The MES will swing in temps, mine would swing 35F degrees.  I believe this is on purpose where it tries to stay on and overshoot the set temp keep the wood burning and smoking
The above was kind of a list of Cons, the pros are:

With the use of an AMNPS for smoke generation you would basically have a set and forget smoker for 9-12 hours of smoke and cooking
No fooling with heat settings provided you get the temp ranges you are looking for
Does well anything you want outside of sausage and bacon
Again with the AMNPS you can leave it off and cold smoke items like Salmon Lox and/or Cheese
I hope this helps, best of luck :)


----------



## dogboy152 (Aug 28, 2017)

Well had my first smoke this weekend on the MES40, with beef ribs. 
1. Ribs were tasty, but the membrane (which I normally trim off, but forgot with the excitement of a new smoker)
was rubbery. On my Acorn, they usually cook down.
2.The smoker temp was between 20 and 30 degrees hotter than the probe temp, which I set on the rack during the test run, and verified the accuracy of the probe within a few degrees. Therefore, during the rib session, I just used the probe as a guide for smoker temp and timed everything as per the Acorn.
3. I just ordered a Maverick dual zone to bypass the above pita. Will this help noticeably? I was fortunate enough to have an accurate thermometer on my Acorn when I got it. What's the chance of a manufacturer actually fitting an accurate thermometer on a smoker?
4. If I get an Amazen pellet smoker, which would be best for my MES? (Fit/function, etc?)
Some instructions I've seen on this site are aimed at more experienced folks than me!
Smoking ribs and a meatloaf for Labor Day. Thanks folks!


----------



## redoctobyr (Aug 30, 2017)

Well, since there is no feedback yet, I'll offer my $0.02, as a newcomer.

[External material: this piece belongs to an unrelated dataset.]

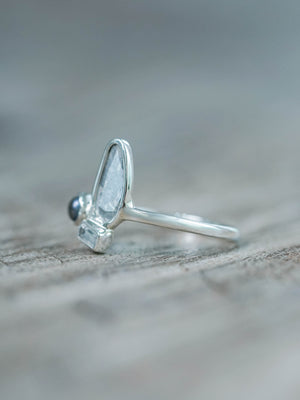 Diamond Slice, Pearl and Zircon Ring Recycled Sterling Silver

3) The Maverick should certainly make it much easier to monitor the temps. And to check the probes that you're using in boiling water, and ice water, to check their accuracy. It's tougher to check the sensor in the smoker's wall directly.

With that said, I have checked the accuracy of my wireless thermometer's probes (within 1F of 32F and 212F). And one time, with no food in the smoker, I clipped both wireless probes right by my Gen1 smoker's sensor. One time that I checked, after things had been running for over an hour, the wireless probes read within 9F of the smoker's sensor. I checked again after about 4 hours, and that time they read within 3F of the smoker's sensor. But to make it a "reasonable" test, I had to make sure everything was reading in the same location. And there was no food in there, as reading next to food can make the sensor read artificially cold, due to the cooler meat nearby.

4) Typically, it's the AMNPS model that's suggested. That one was designed to fit in the Gen1, it's the 5x8" model. I'm not sure of the generation of yours, but it sounds like it can usually fit somewhere. Even on the bottom food rack.

Enjoy the new smoker! I just got mine recently, but I have tried making meatloaf. I thought it was good, I'd make it that way again.


----------



## dogboy152 (Aug 30, 2017)

Thanks Red! I'll be checking soon, let you know!


----------